Door zijn genereuze plannen zal God voor elke moeilijkheid een eenvoudige en onverwachte oplossing weten te vinden: het zal op het altaar van het Kruis en onder de slagen van de beulen zijn dat het vlees van het nieuwe Paaslam vermorzeld zal worden en zijn Bloed vergoten. Als werktuig van verlossing en waarachtig slachtoffer van de liefde worden dat vlees en dat bloed de levende Hostie. «Mijn vlees is echt voedsel en mijn bloed is echte drank.»
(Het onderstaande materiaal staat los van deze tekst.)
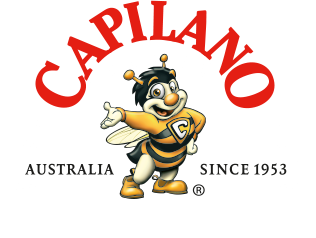 CATCH THE BUZZ – China Honey Demand Key to Capilano Growth.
En het gaat er vervolgens om te communie te gaan om van dat slachtoffer de weldaden te ontvangen, het goddelijk leven. Dat Slachtoffer gaat in zijn Almacht op in het brood en de wijn van onze eucharistievieringen, het neemt er de uiterlijke vorm van over door zich het bestaan zelf van deze stoffen toe te eigenen. Aldus levert Jezus zich aan ons over door zich te bekleden met de expressieve gedaantes van brood en wijn. Verre van ons af te schrikken, neemt Hij een gedaante aan die ons aanspreekt en ons aantrekt. Dat is het geofferde lam waarmee onze zielen zich voeden, maar dat overgeleverd vlees, dat vergoten bloed zijn daar voor onze ogen en in onze mond wit brood en zuivere wijn en beduiden in hun gedaante volledig wat ze materieel zijn: de opperste gaven van Jezus aan zijn vrienden.

Het mysterie van de H. Eucharistie is het hoogtepunt van het mysterie van de Menswording. Jezus is gekomen als onze naaste vriend en onze meester, door te spreken en te genezen, om een antwoord te geven op onze verwachting naar een tastbare goddelijke aanwezigheid waaraan al de zuiverste krachten van ons lichamelijk wezen zich hechten. Hij is op het Kruis gestegen om de bloedige tekenen te laten zien van ons heil en zijn verscheurd lichaam, zijn vergoten bloed, te verrijken met de onbegrensde genade van onze verlossing. Dat was het Lam Gods dat leven geeft aan de wereld door diens zonde te dragen.

Daar is Hij dan voor onze ogen, onze blik zuiverend, in onze handen om aanbeden te worden en erin te geloven. Hij neemt de kenmerken en de uiterlijke vorm over van materieel brood en van wijn van druiven, met die immense macht die Hij heeft om, door het uitspreken van eenvoudige woorden, de gedaanten aan te nemen die Hij wil en de tekenen van zijn macht te tonen. Ten tijde van de schepping heeft Hij brood en wijn gemaakt voor onze aardse behoeften, en met één enkel woord heeft Hij, op de dag van de eenwording van het schepsel met zijn God, van zijn vlees het brood voor de zielen en van zijn bloed hun bedwelmende wijn gemaakt, zoals ze werkelijk zijn maar nu geopenbaard in het eucharistisch sacrament.